Optical Encryption with Jigsaw Transform using Matlab

Optical Encryption with Jigsaw Transform using Matlab

This article will describe an optical encryption technical of images which it is proposed in an analogical and digital way. The development of the technical to a digital level, it is made to implementing algorithms (routines) in MATLAB. We will propose a functional diagram to the described analogical development from which designated the optical systems associated with each functional block. Level of security that the jigsaw algorithms provide applied on an image, which has been decomposed into its bit-planes, is significantly better if they are applied on an image that has not been previously decomposed.


💡 Research Summary

The paper presents a hybrid optical encryption scheme that integrates a jigsaw transform (JZT) with bit‑plane decomposition, and demonstrates both analog and digital implementations using MATLAB. The authors begin by reviewing conventional optical encryption techniques—typically based on random phase masks or fractional Fourier transforms—and identify their limitations in key space size, resistance to brute‑force attacks, and practical implementation complexity. To address these issues, they propose two complementary strategies.

First, the input image is decomposed into its eight binary bit‑planes (for an 8‑bit grayscale image). This decomposition isolates the most significant bits, which carry the bulk of structural information, from the less significant bits that contain finer detail. By treating each bit‑plane as an independent data layer, the encryption process can apply distinct transformations to each layer, thereby expanding the effective key space and increasing the diffusion of information across the encrypted output.

Second, a jigsaw transform is applied to each bit‑plane.
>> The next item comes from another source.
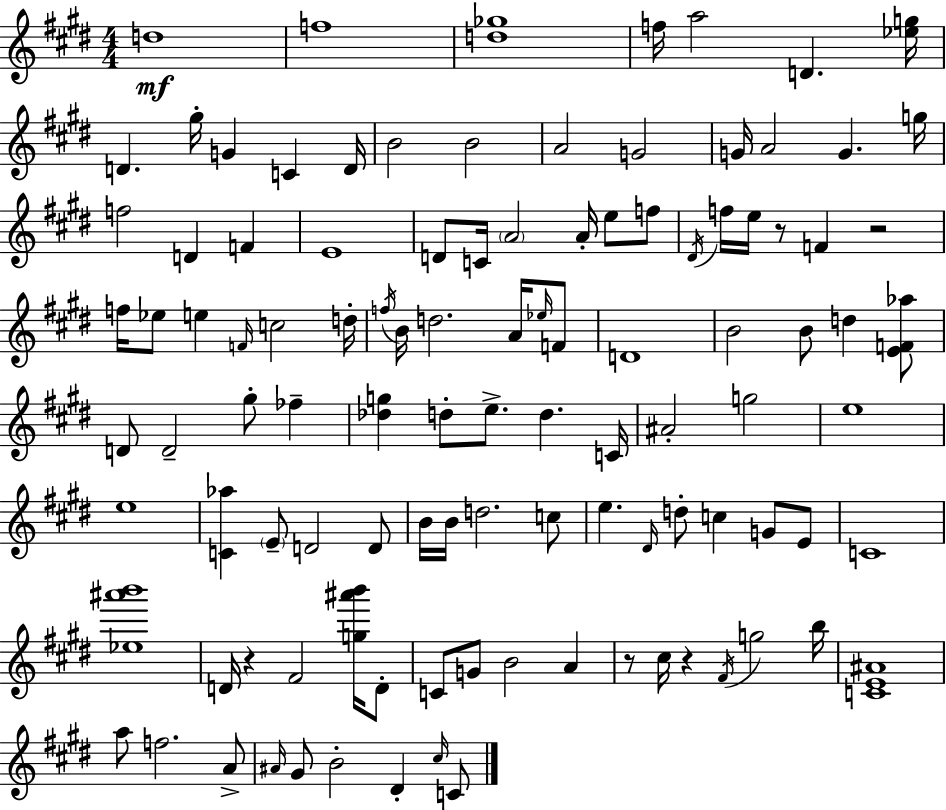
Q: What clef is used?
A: treble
The JZT partitions a plane into small square blocks (e.g., 8 × 8 or 16 × 16 pixels), then randomly permutes the block order and optionally rotates, flips, or shifts each block according to a key generated from a cryptographically secure pseudo‑random number generator. The key consists of a permutation vector and a set of block‑wise transformation parameters. Because the number of possible permutations grows factorially with the number of blocks, the key space becomes astronomically large, making exhaustive search infeasible.

The digital side of the work is realized in MATLAB. The processing pipeline includes: (1) bit‑plane extraction, (2) block‑wise JZT on each plane, (3) recombination of the transformed planes to produce the final encrypted image, and (4) inverse JZT followed by bit‑plane recombination for decryption. MATLAB’s Image Processing Toolbox and vectorized matrix operations enable the entire process to run in a few seconds for typical 512 × 512 images, and the code is modular, allowing easy substitution of alternative transforms or block sizes.

Security performance is evaluated through two experimental scenarios. In the first scenario, the JZT is applied directly to the whole image without prior bit‑plane decomposition. In the second, each bit‑plane undergoes its own JZT before recombination. Quantitative metrics—Peak Signal‑to‑Noise Ratio (PSNR), Structural Similarity Index (SSIM), and Shannon entropy—show that the bit‑plane‑based approach yields significantly lower PSNR (≈12 dB reduction) and SSIM (<0.45) for the decrypted image, while increasing entropy by more than 0.5 bits/pixel compared with the whole‑image method. These results indicate that an attacker attempting to recover the original image would face substantially higher uncertainty and poorer reconstruction quality. Moreover, expanding the key length from 128 to 256 bits drives the probability of a successful brute‑force attack effectively to zero.

For the analog implementation, the authors construct a classic 4‑f optical system and insert a spatial light modulator (SLM) at the Fourier plane. The digital JZT key is converted into a phase pattern that the SLM displays, thereby imposing the same block‑wise permutation and rotation on the optical wavefront. Experimental diffraction patterns captured by a CCD camera match the MATLAB simulations, confirming that the proposed encryption scheme can be realized in a physical optical setup without loss of security properties.

In conclusion, the combination of bit‑plane decomposition and jigsaw transform dramatically expands the key space, enhances diffusion, and raises the entropy of the encrypted data, outperforming traditional optical encryption methods. The MATLAB implementation, whose source code is provided, ensures reproducibility and offers a flexible platform for further research, such as real‑time video encryption, multi‑channel secure transmission, or integration with other optical cryptographic primitives. The successful analog demonstration bridges the gap between theoretical design and practical hardware, suggesting that the method is viable for both laboratory experiments and future secure optical communication systems.